▶ _Dataset excerpts_:
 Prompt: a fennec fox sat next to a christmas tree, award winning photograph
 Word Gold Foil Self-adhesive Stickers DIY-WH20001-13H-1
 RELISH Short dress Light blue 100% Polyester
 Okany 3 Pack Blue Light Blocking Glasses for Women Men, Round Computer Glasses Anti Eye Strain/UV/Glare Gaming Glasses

...

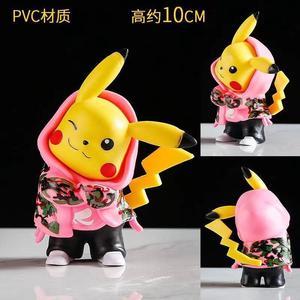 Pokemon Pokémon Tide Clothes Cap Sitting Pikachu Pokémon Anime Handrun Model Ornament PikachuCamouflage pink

▶ _Problem to solve_: Check each line above for the string "Light" and return those that contain it.

▶ _Solution for this problem_:
 RELISH Short dress Light blue 100% Polyester
 Okany 3 Pack Blue Light Blocking Glasses for Women Men, Round Computer Glasses Anti Eye Strain/UV/Glare Gaming Glasses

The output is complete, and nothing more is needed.